From Steve Loughran <ste...@apache.org>
Subject Re: web-based file transfer
Date Wed, 03 Nov 2010 11:35:21 GMT
On 02/11/10 18:25, Mark Laffoon wrote:
> We want to enable our web-based client (i.e. browser client, java applet,
> whatever?) to transfer files into a system backed by hdfs. The obvious
> simple solution is to do http file uploads, then copy the file to hdfs.
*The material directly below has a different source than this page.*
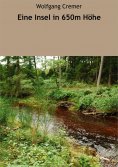 ebook: Eine Insel in 650m Höhe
I
> was wondering if there is a way to do it with an hdfs-enabled applet where
> the server gives the client the necessary hadoop configuration
> information, and the client applet pushes the data directly into hdfs.

I recall some work done with webdav
-but I don't think it's progressed

I've done things like this in the past with servlets and forms; the 
webapp you deploy has the hadoop configuration (and the network rights 
to talk to HDFS in the datacentre), the clients PUT/POST up content


However, you are limited to 2GB worth of upload/download in most web 
clients, some (chrome) go up to 4GB but you are pushing the limit there. 
Even all the Java servlet APIs assume that the content-length header 
fits into a signed 32 bit integer and gets unhappy once you go over 2GB 
(something I worry about in 
http://jira.smartfrog.org/jira/browse/SFOS-1476 )

Because Hadoop really likes large files -tens to hundreds of GB in a big 
cluster- I don't think the current web infrastructure is up to working 
with it.

that said, looking at hudson for the nightly runs of my bulk IO tests , 
jetty will serve up 4GB in 5 minutes (loopback if), and I can POST  or 
PUT up 4GB, but I have to get/set content length headers myself rather 
than rely on the java.net client and servlet implementations to handle it:


If you can control the client, then maybe you would be able to do >4GB 
uploads, but otherwise you are stuck with data <2GB in size, which is, 
-what- 4-8 blocks in a production cluster?